## [Provided records]

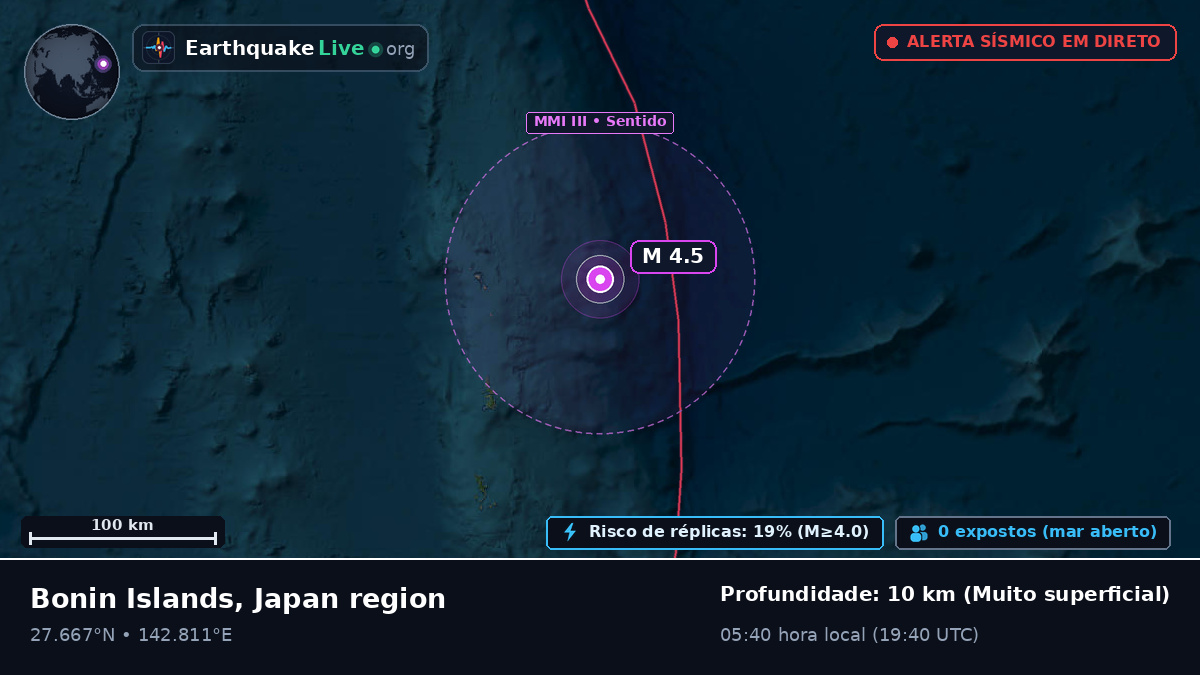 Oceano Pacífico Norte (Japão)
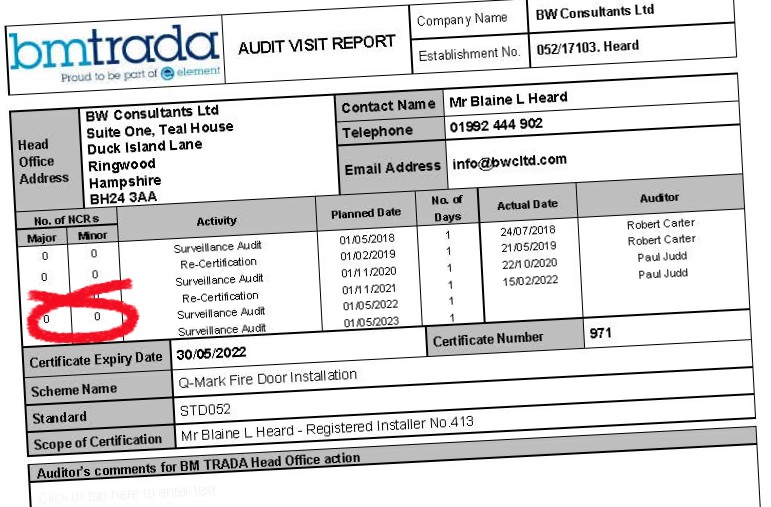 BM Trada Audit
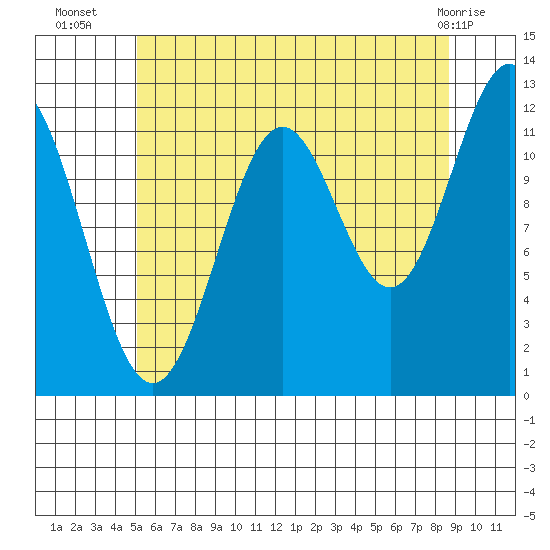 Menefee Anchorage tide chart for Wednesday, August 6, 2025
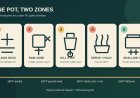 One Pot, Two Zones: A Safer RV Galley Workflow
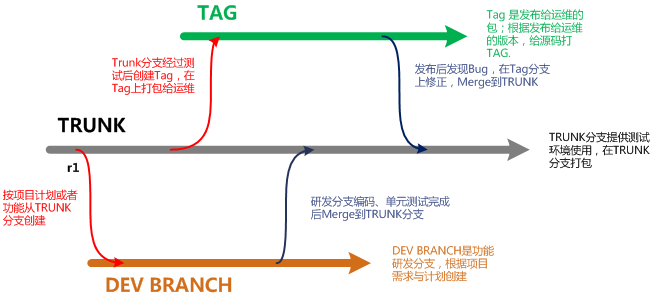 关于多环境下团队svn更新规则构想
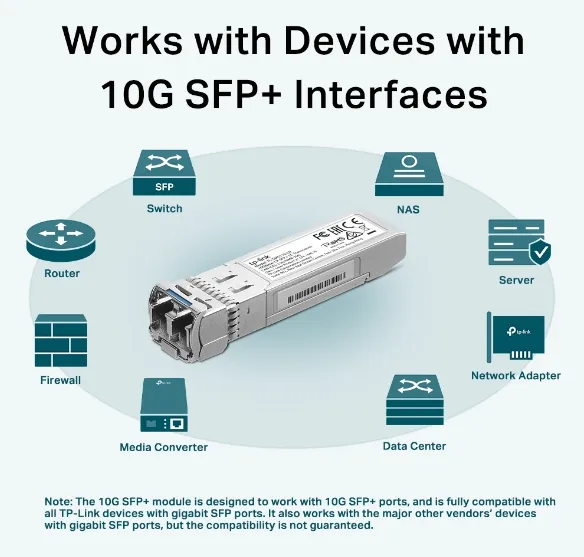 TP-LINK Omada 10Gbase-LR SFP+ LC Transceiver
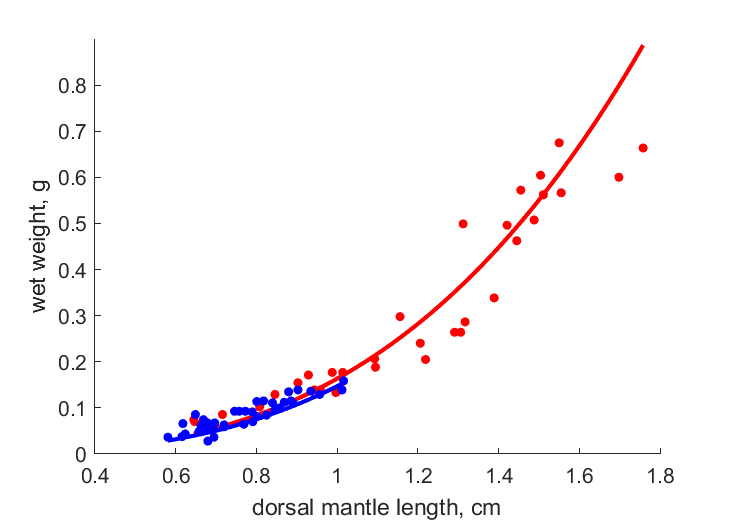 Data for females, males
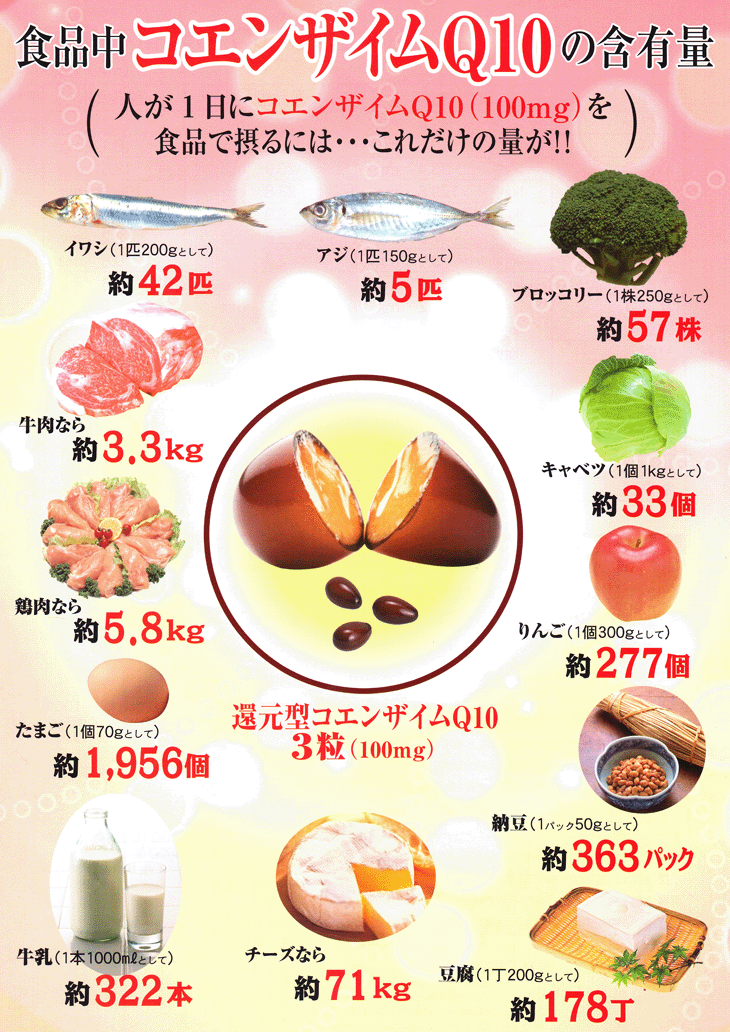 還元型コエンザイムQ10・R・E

## [Problem]
Please output every record above exactly. Leave the pictures out.

## [Task result]
 Oceano Pacífico Norte (Japão)
 BM Trada Audit
 Menefee Anchorage tide chart for Wednesday, August 6, 2025
 One Pot, Two Zones: A Safer RV Galley Workflow
 关于多环境下团队svn更新规则构想
 TP-LINK Omada 10Gbase-LR SFP+ LC Transceiver
 Data for females, males
 還元型コエンザイムQ10・R・E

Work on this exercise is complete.